After not one, not two, but three false starts in which other actors were cast in Archive 81, Shihabi finally nabbed the starring role of Melody Pendras in the series, which debuts on January 14. (Throughout this entire grueling process, she notes that she “had this weird feeling that the part would come back around, that the casting director would call me and be like, it’s yours.”)
Archive 81, co-produced by Rebecca Sonnenshine (The Boys) and adapted from a podcast of the same name, is a horror-slash-thriller that centers Melody and an archivist named Dan, played by Mamoudou Athie, in parallel narratives. Dan, an employee at the Museum of the Moving Image in modern-day Queens, New York, is assigned the task of reviving damaged videotapes filmed by Melody, a grad student, back in 1994. In the footage, Melody discusses work she’s planning on doing at an East Side apartment building named the Visser, which Dan finds out burned down the very same year that Melody began recording the tapes. While both characters attempt to get to the bottom of the story behind the building, they become increasingly wrapped up in its mysterious origins.
Although this is Shihabi’s first time in a top billing spot, it’s far from her first rodeo. And frankly, to attribute her acting chops or past gigs to pure luck would be an unfair misrepresentation of her career thus far. Shihabi got her start as a dancer, joining Sharmila Kamte’s dance company in Dubai at the age of 12. “I went home the night after my first dance class and told my Arab parents, ‘I’m gonna be a professional dancer,’” she recalls. “When I left the room, my dad immediately told my mom, ‘Fuck no, that won’t happen.’” Shihabi, who grew up Muslim, says her mother, who was raised in the south of France, “fought my battles behind the scenes for me.”
“Growing up in Dubai, which is a Muslim Arab country, was amazing—I love my culture so much. There’s so much beauty to it,” Shihabi says. “But there’s also a lot of expectation and restrictions to be one sort of girl I was expected to be—not by my parents, who are remarkable people and allowed me to be whoever I wanted to be. But culturally, there are expectations that make you feel boxed in: really polite and sweet and with an expected submissiveness. And when I walked into that dance class, it was the first time I ever felt like I had space to be myself.”
For three years, she danced nonstop—until the family moved to Lebanon, where Shihabi dabbled in acting. “This acting bug was ignited, and I was so set on the idea that I could do both,” she says. At 18 years old, she moved to New York City in pursuit of her double-career. She attended the American Academy of Dramatic Arts in Manhattan in the morning, and performed at Broadway Dance Center at night. “My first job was as a dancer on SNL—I would do digital shorts with Andy Sandberg,” Shihabi tells me brightly.
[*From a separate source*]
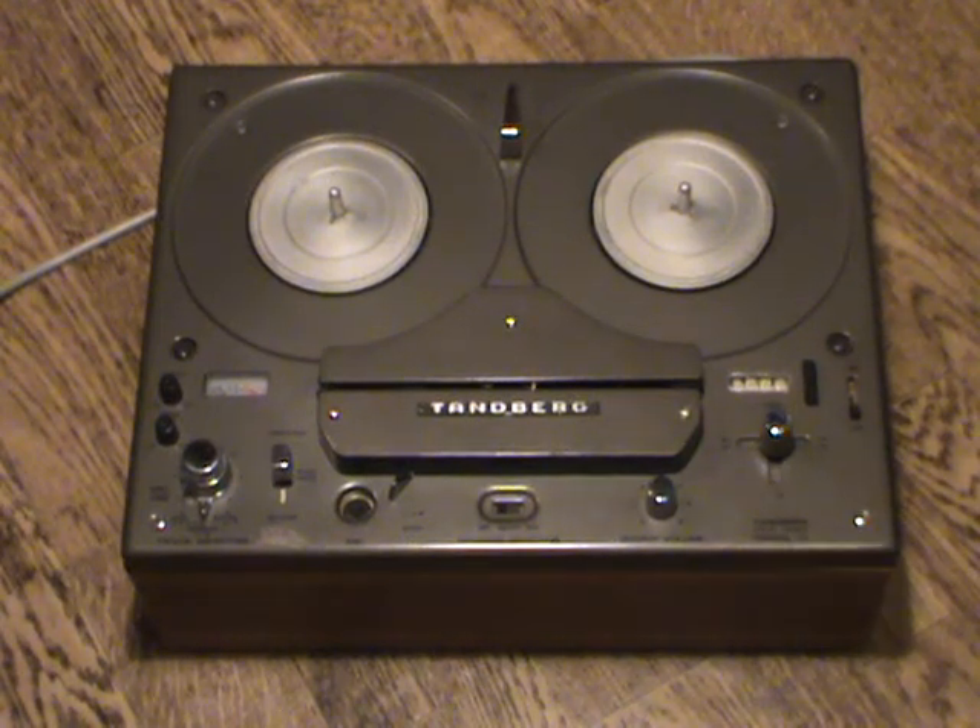Hello and welcome to this demonstration of the Tanberg Model 15 tape recorder from 1968. This machine was one of Tanberg's first transistorized machines. Tanberg were rather late into the transistorized market — they employed tubes for quite a while. The Model 15 is the successor to the tube-based models 8 and 9, which in turn were successors to even earlier machines introduced in the 1950s, giving it a long, typically Tanberg lineage.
While recounting her personal history, the actress’ stories are peppered with memories of gigs, side hustles, late-night shows, and getting up early in the morning to do it all again. It’s clear her tenacity and work ethic—combined with that very special bit of luck—has gotten her this far. “Dance taught me a discipline,” she says. “When you’re a dancer, you have to dance every day. You have to be committed to it completely. I think I have that mentality when it comes to acting. I give it the same kind of discipline.”
There’s one more story Shihabi tells me before signing off in which the career gods were kind to her. Once the actress got the role in Archive 81 and found out who her costars were going to be, she realized Athie, who plays Dan, was someone she’d known since she was 18 years old. They auditioned for Juilliard and NYU at the same time, went through the whole process together. He attended the American Conservatory around the same time she did. And they met at a house party in New York City as youngsters.
“To do this with him felt really special,” she says of Archive 81’s full-circle feeling. “Acting together felt quite emotional, I think, for both of us.”